In 1955, Jordan’s currency situation was defined by its reliance on the Jordanian Dinar (JOD), a currency that was still in its infancy but already establishing a reputation for stability. Introduced in 1950 to replace the Palestinian Pound, the dinar was pegged at par to the British Pound Sterling. This peg was a deliberate policy choice, reflecting Jordan’s close political and economic ties with the United Kingdom and providing a crucial anchor for confidence in a young nation navigating a turbulent regional environment.
The economy underpinning the currency was fragile, heavily dependent on British subsidies and foreign aid, with a limited domestic revenue base. A significant portion of the state budget was allocated to maintaining the Arab Legion, straining fiscal resources. Furthermore, Jordan lacked major natural resources or a diversified industrial sector, making it vulnerable to external shocks. The stability of the dinar, therefore, was not primarily a reflection of robust internal economic strength but of deliberate external support and conservative monetary management by the Jordan Currency Board, which maintained full sterling backing for the currency in circulation.
This cautious approach successfully prevented the high inflation and devaluation crises seen in some neighboring states, fostering trust in the banking system.

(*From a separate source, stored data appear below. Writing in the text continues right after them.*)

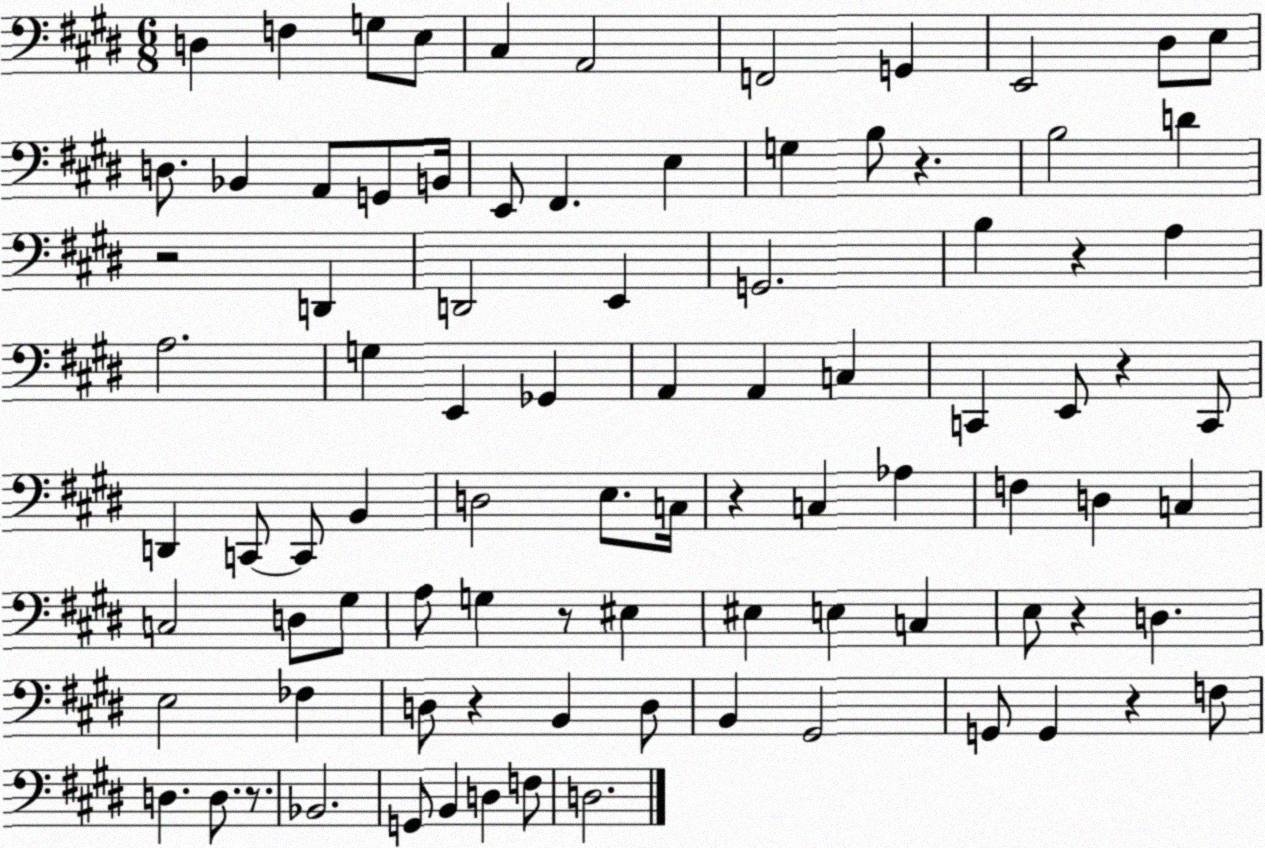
X:1
T:Untitled
M:6/8
L:1/4
K:E
D, F, G,/2 E,/2 ^C, A,,2 F,,2 G,, E,,2 ^D,/2 E,/2 D,/2 _B,, A,,/2 G,,/2 B,,/4 E,,/2 ^F,, E, G, B,/2 z B,2 D z2 D,, D,,2 E,, G,,2 B, z A, A,2 G, E,, _G,, A,, A,, C, C,, E,,/2 z C,,/2 D,, C,,/2 C,,/2 B,, D,2 E,/2 C,/4 z C, _A, F, D, C, C,2 D,/2 ^G,/2 A,/2 G, z/2 ^E, ^E, E, C, E,/2 z D, E,2 _F, D,/2 z B,, D,/2 B,, ^G,,2 G,,/2 G,, z F,/2 D, D,/2 z/2 _B,,2 G,,/2 B,, D, F,/2 D,2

However, it also meant Jordan’s monetary policy was effectively set in London, limiting the kingdom's ability to use currency tools for independent economic development. The situation in 1955 thus presented a duality: a stable and credible currency that facilitated trade and investment, but within a framework of economic dependency that would challenge policymakers in the years ahead as they sought greater financial sovereignty.